Actually L4 is not even a "topic" in many such countries (let alone L5), it's a curiosity, a funny segment to wrap up the news. Even though L4 is totally doable NOW. What you actually hear is much fear about tech — as usual. That's about it for self-driving cars.
I have no idea why, it makes no sense to me, but even if rich cosy comfortable life-adoring 35h/week western Europe doesn't want it bad, I don't know who does/will, in the short/medium term.
The above "grim reality" is just my way of fishing for answers, really. I don't know. I'm just skeptical that self-driving cars are a thing that people or leaders (public and private) actually want. I hear much, much resistance to the idea and very little interest for the upsides from the mainstream. I sees smiles and eyes rolling, and 10 years later there is still no decent infrastructure to charge EVs except Tesla's — a foreign entity, by far the biggest promoter of it all, but can they do it? Can they reach L5 or politically negociate L4? Back to the above concerns, or absence thereof really, of the mainstream.
It's like space, basically: it would be incredibly little of the world's GDP to put massively more effort and shorten industrial-scale space activities dramatically — like if it's 30 years away at current rate, we could make it by 2030 really easily, without pushing it far (nothing like a war effort for instance).
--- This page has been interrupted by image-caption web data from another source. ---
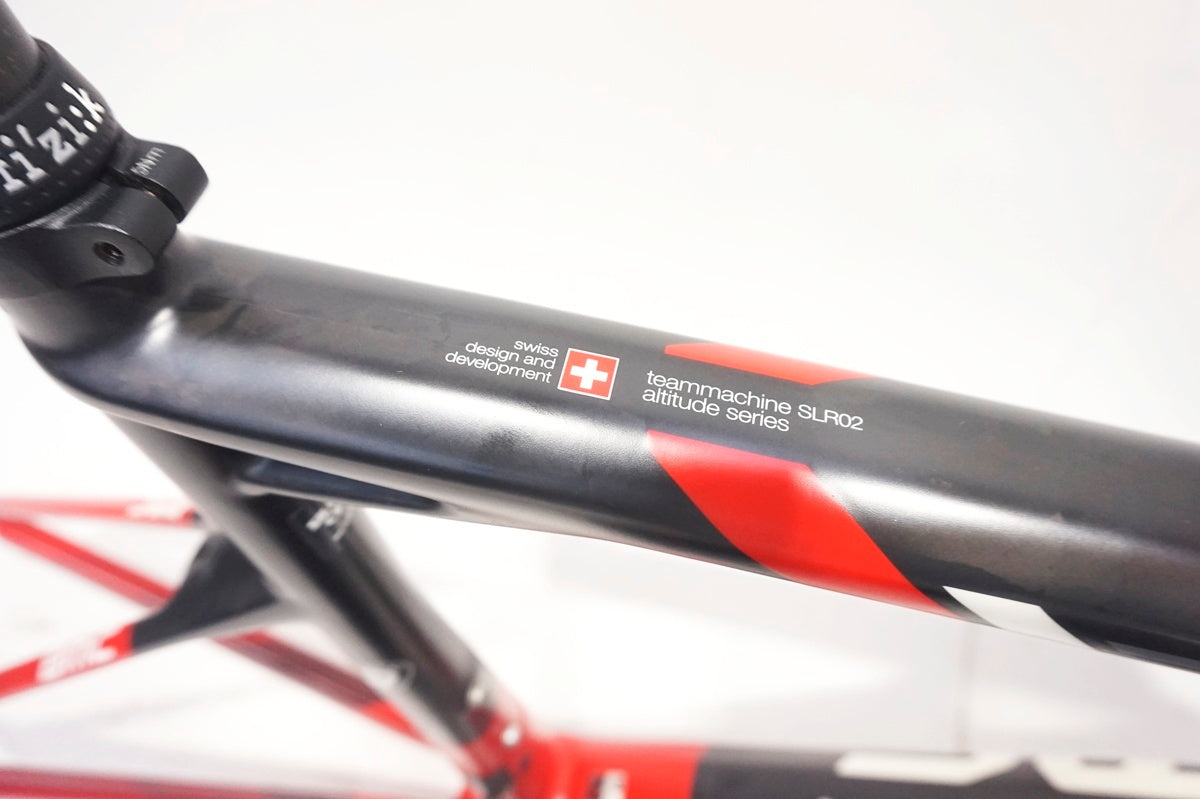 BMC 「ビーエムシー」 TEAMMACHINE SLR02 2014年モデル フレーム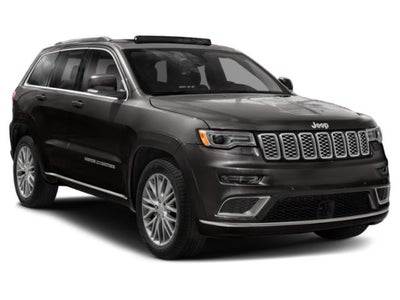 2019 Jeep Grand Cherokee Summit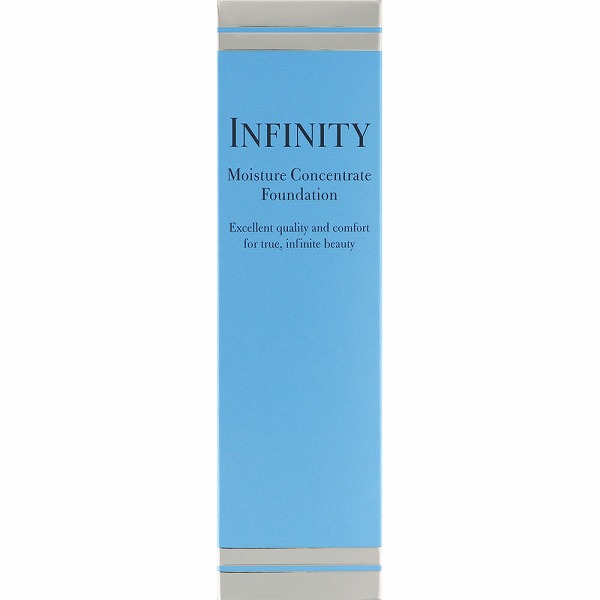 コーセー インフィニティ モイスチュア コンセントレート ファンデーション PO-205 ピンクオークル 30mL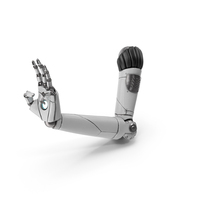 Robot Hand PNG & PSD Images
And the benefits are so immense it's basically stupid to argue against, the question is how to do it best. And yet it's still anecdotal in most countries budget, it's mostly just PR. Even as we speak, a "prime time" for space as a topic of (positive) interest for the mainstream. Go figure.
Self-driving cars, it seems, are met with even more political and social resistance than they are made impossible by idealistic goals, because the former is a current showstopper whereas our current technological capacities are not.